There is a long tradition of people and groups taking the law into their own hands in Indonesia. However, there has been an increase in horizontal violence after the change of political leadership and structures in 1998/99. Theft and destruction of private property has become common and large numbers of ordinary people in many parts of the country have been threatened or suffered from physical violence or been tortured and even executed by their peers. Nationwide, several hundred people have been killed every year by angry mobs in incidents of street vigilantism (Kompos, 25 September 2001). Much of the horizontal violence observed over the last few years is related to the economic crisis and unemployment, combined with the weakening of central state institutions, including the police. Lasting problems of horizontal violence are also often associated with ethnicity, as in Solo, Mataram and Medan, and religion, as in the Moluccas and Central Sulawesi. The police force has not been decentralized. After being separated from the military in 1999, the national police has been administratively placed directly under the authority of the president, with some responsibilities still delegated to the provincial governors. The decentralization laws and regulations do not delineate specific roles for the police and security matters at the district level. This means that the delegation of huge responsibilities to the districts is not formally backed up by law enforcement power. Instead, we see an alarming development of local security forces and paramilitary groups controlled by district authorities. These security forces can hardly be interpreted as anything but an instrument to create legitimacy by force, instead of by popular support or democratic procedure, for local government policies.

The main objective of this article is to trace the impact of decentralization reforms on law enforcement and security systems at the district level. Four administrative regions which have different experiences in security problems and organizing paramilitary groups were selected for study. Two questions are raised: have decentralization reforms strengthened the tendencies to escalating disorder and crime rates in Indonesian society? What are the impacts of formally separating law-making and -enforcing systems in the decentralization reforms? The methodology used is mostly qualitative, based on in-depth interviews and focus group discussions. In addition, we raised questions regarding security problems and systems in a survey that included more than 500 households in the four districts.
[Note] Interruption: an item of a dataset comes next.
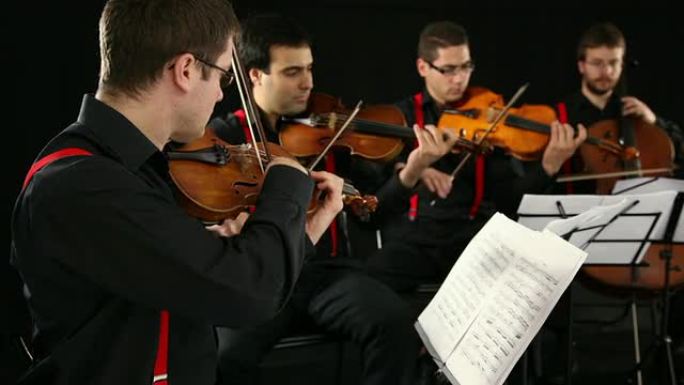 弦乐四重奏演奏家演奏弹奏小提琴大提琴音乐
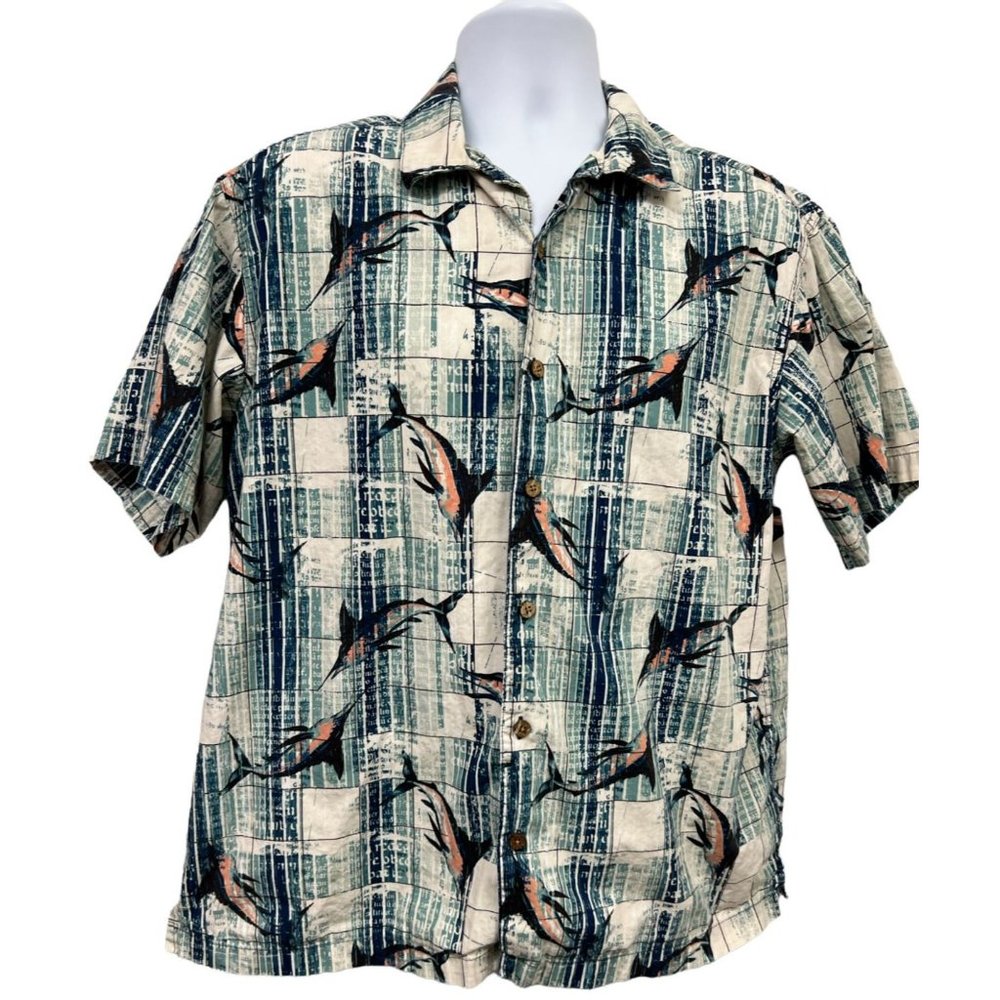 Saddlebred Hawaiian Button Up Blue Fish Shirt Men’s Large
This article is organized as follows: the introduction is followed by an overview of the history of criminality, law enforcement and security systems in Indonesia. The introduction of the new decentralization laws and their implementation since 2001 are then discussed. Methodology and research areas are presented in section four and our empirical findings are discussed in section five. A conclusion and policy recommendations are given at the end of the article.

Historical Overview

Informally organized security systems have long existed in Indonesia. It was not until 1900 that reasonably standardized police forces appeared within the Dutch colony. Till then, most of the non-European quarters of the colony's cities and towns were "policed" by volunteer neighbourhood watches, known as rondo, who routinely treated suspected thieves, burglars, and other undesirables with vigilante violence (Anderson 2001, p. 10). Other terms used for local security groups are hansip, linmas, and satgas, with some differences in their associations, mandates and functions. Some are related to the military, while others are controlled by the police or government bureaucracy. Hansip, previously under the Ministry of Home Affairs, have been dissolved in most regions, and former members now join district paramilitary troops, political parties' satgas, or private security groups.
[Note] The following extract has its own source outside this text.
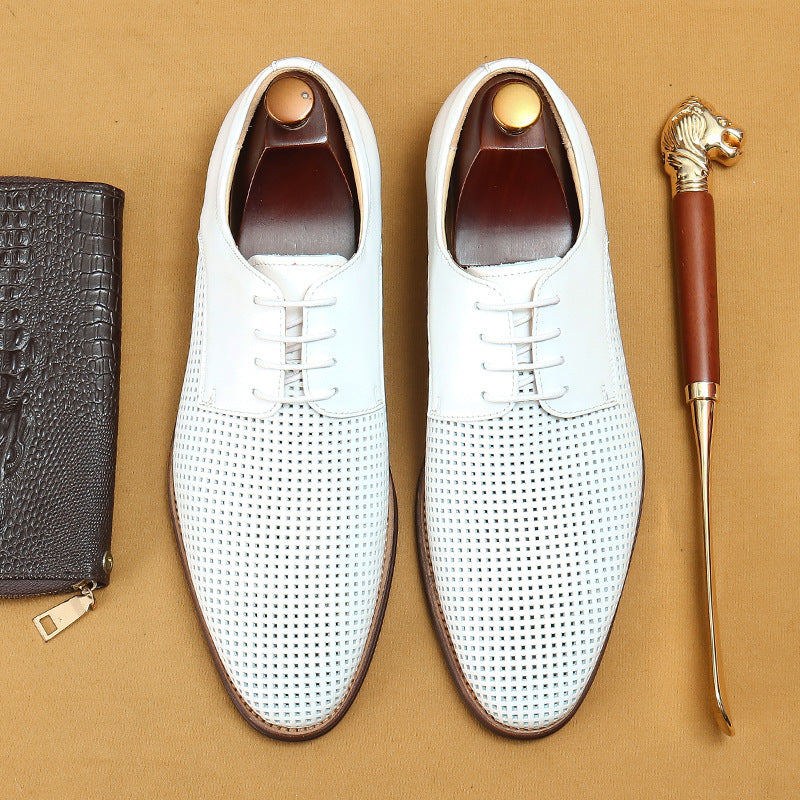 Men's White Formal Authentic Hollow Out Soft Leather Shoes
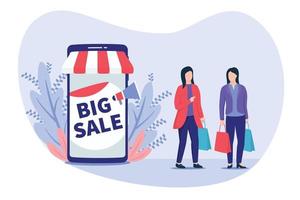 big sale concept with smartphone apps and poster with woman shopping with shop bags vector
The Indonesian police force developed rapidly after independence in 1949 and when it was reorganized as a national institution in the late 1950s, it was probably the world's largest police force. The emergence of authoritarian governments in the 1960s shifted the orientation of the police from maintaining law and order into internal security affairs and the protection of government interests, in close collaboration with the military. Formal authority over the police changed in 1967 from the president to the minister of defence when the national police (POLRI, Polisi Republik Indonesia) formally became a part of the armed forces and subject to military law. A paramilitary arm of the police (Brimob, Brigade Mobil Polri), which was especially equipped and trained for crowd and riot control, was strengthened and many national police leaders were recruited from that division. By 1998, the image of the police was probably at its lowest ebb in Indonesia's history (ICG 2001). The police were separated from the military again in 1999 and thereby lost much of its intelligence capability and restraining power.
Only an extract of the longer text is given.